# recreating in matlab Butterworth Filter filter response

There is a manual which presents a filter response. In the video they present a formula and a plot of the response. However when I tried to implement it in MATLAB I get a totally different plot. Where did I go wrong implementing this formula? Thanks.

clc
clear all
s=0:0.01:50;
H=1./((s/20.01).^4+2.6131*(s/20.01).^3+3.4142*(s/20.01).^2+2.6131*(s/20.01)+1);
plot(s,20*log10(abs(H)))


I was hesitant to answer your question because it shows that you need to review the basics. However, hopefully this will encourage you to do just that!

The $$s$$ in $$H(s)$$ is a complex number $$s = \sigma + j\omega$$ where $$\sigma$$, the real part, represents a damping factor and $$j\omega$$, the imaginary part, represents an oscillatory component (for which $$\omega$$ is the angular frequency).

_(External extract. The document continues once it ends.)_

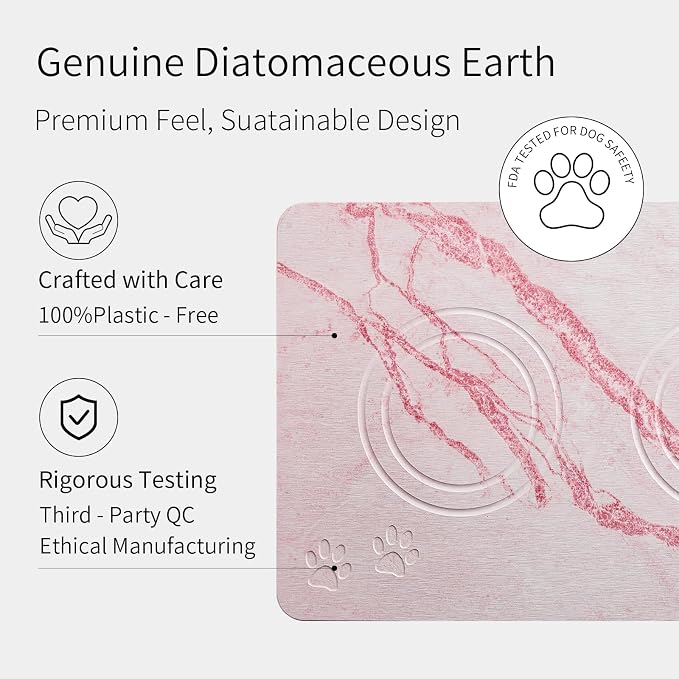 Diatomite Stone Pet Feeding Mat for Dog Cat Super Absorbent Diatomite Quick Drying Stone Dog Food Water Mat, Dog Mats for Food and Water with Non-Slip Station, Fast Dry Pet Mats, Marble Pink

For sinusoidal steady-state analysis, we are interested in the behavior of the system at different frequencies but without the damping effect ($$\sigma = 0$$).

With that said, you only need minimal changes to your script:

omega = 0:0.01:50;
s = 1i * omega;


• Hello, i have attached the updated code ,however its not giving the result. also ,i am new to he forum ,how do i put code in comment? 'clc clear all w=0:0.01:50; s=1i*w; H=1./((s/20.01).^4+2.6131*(s/20.01).^3+3.4142*(s/20.01).^2+2.6131*(s/20.01)+1); plot(s,20*log10(abs(H)))' Dec 30, 2023 at 9:20
• Code can be rendered with  before and after. Your last line should have $\omega$ for the x-axis: plot(w, 20*log10(abs(H)))`.
– Jdip
Dec 30, 2023 at 9:25